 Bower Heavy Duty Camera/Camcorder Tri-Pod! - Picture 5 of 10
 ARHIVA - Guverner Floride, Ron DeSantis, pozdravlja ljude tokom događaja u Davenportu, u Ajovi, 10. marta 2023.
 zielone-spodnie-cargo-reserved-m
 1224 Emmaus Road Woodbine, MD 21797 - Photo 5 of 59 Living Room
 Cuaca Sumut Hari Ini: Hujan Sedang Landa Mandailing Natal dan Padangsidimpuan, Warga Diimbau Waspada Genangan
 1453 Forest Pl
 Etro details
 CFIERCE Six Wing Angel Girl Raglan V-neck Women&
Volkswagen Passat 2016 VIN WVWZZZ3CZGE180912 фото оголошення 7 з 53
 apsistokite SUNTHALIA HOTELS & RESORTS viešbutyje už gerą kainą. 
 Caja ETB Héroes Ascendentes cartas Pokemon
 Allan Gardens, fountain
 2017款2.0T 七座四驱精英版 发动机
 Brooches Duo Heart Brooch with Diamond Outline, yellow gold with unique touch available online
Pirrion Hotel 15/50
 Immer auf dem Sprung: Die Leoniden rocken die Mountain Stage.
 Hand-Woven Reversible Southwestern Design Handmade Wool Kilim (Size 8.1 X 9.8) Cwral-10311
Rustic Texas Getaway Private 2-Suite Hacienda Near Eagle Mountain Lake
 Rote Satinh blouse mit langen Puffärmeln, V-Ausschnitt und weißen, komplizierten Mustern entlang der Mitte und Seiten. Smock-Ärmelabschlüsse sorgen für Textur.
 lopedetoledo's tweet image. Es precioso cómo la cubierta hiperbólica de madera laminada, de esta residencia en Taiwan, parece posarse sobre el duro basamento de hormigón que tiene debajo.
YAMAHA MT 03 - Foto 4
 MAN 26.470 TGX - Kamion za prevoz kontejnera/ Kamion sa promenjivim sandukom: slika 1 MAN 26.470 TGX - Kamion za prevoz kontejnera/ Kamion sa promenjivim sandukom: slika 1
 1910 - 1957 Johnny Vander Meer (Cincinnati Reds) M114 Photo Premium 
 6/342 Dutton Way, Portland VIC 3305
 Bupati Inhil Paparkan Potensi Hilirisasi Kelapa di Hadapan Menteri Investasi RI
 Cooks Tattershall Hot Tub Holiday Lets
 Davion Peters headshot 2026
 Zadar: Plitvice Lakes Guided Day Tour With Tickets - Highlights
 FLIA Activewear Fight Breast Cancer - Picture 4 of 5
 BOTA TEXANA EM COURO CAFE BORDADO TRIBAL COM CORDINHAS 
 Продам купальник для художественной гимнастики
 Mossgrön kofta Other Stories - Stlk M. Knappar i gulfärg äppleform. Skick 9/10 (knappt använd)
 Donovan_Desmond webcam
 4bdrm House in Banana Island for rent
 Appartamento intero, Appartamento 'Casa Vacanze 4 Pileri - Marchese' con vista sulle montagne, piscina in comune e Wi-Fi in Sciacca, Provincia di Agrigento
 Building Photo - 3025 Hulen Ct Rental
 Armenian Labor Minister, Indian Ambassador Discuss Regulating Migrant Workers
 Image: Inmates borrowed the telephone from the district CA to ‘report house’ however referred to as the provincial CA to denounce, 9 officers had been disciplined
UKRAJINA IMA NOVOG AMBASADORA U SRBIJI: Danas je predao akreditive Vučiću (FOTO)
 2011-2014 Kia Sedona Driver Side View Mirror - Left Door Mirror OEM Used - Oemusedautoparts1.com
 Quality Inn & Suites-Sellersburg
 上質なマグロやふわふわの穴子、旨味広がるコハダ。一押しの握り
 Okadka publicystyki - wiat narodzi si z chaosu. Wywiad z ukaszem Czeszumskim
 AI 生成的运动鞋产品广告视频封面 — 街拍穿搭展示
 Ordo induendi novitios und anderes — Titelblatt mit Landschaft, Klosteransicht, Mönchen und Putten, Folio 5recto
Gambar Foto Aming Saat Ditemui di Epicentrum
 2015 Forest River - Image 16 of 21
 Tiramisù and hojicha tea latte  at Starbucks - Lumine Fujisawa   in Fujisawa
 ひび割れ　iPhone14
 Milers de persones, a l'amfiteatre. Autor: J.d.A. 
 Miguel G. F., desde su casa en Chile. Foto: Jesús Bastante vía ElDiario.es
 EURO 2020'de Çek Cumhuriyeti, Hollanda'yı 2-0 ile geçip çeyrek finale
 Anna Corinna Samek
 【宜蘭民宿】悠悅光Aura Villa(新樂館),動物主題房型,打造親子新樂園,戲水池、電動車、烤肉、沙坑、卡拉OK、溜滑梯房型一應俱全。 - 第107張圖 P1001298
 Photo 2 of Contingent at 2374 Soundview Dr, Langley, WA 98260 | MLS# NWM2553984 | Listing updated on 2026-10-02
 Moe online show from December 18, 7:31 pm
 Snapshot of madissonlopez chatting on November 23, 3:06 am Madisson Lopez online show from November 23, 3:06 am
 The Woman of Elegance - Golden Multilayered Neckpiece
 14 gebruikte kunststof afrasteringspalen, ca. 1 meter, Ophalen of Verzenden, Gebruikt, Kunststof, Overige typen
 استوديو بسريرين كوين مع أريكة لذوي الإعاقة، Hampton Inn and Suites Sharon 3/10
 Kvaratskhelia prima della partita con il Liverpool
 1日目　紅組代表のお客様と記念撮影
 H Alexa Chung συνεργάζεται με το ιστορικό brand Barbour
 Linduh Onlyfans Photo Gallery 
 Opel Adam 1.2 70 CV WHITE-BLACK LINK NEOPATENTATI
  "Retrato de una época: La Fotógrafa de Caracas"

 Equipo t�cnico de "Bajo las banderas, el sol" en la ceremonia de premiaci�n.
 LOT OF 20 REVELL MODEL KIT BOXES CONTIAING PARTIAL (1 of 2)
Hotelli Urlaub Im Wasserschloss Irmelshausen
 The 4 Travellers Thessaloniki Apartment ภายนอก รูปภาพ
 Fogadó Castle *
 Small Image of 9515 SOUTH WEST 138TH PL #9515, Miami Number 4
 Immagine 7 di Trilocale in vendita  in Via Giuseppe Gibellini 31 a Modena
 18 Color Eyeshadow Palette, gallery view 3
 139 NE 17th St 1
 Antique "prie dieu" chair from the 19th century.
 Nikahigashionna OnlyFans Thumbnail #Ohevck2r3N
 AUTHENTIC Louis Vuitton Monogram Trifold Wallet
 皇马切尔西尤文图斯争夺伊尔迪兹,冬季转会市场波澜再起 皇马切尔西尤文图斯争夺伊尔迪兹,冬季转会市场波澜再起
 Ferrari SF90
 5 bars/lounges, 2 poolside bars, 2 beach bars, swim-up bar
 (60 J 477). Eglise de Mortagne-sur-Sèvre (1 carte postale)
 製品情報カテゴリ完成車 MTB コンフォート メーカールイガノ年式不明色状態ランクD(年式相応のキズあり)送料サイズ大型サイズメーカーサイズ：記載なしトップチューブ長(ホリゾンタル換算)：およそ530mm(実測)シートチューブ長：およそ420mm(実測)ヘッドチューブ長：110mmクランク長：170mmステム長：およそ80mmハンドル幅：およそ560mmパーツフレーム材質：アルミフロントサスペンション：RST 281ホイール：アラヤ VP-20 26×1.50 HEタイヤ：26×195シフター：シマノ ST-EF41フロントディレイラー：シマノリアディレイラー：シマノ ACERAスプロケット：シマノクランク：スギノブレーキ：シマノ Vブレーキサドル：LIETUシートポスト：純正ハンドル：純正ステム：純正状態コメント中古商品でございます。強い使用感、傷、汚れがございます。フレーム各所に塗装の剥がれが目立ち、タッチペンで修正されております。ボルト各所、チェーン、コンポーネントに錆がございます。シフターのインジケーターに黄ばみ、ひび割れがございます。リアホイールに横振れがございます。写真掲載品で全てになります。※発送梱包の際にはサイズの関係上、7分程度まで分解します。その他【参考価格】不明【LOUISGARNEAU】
__________
## [What to work on]
In the listing above, find the line with "CFIERCE Six Wing" and the line with "2017款2.0T 七座四驱精英版 发动机". Output those two lines and every line between them, exactly as written.

## [Task result]
 CFIERCE Six Wing Angel Girl Raglan V-neck Women&
Volkswagen Passat 2016 VIN WVWZZZ3CZGE180912 фото оголошення 7 з 53
 apsistokite SUNTHALIA HOTELS & RESORTS viešbutyje už gerą kainą. 
 Caja ETB Héroes Ascendentes cartas Pokemon
 Allan Gardens, fountain
 2017款2.0T 七座四驱精英版 发动机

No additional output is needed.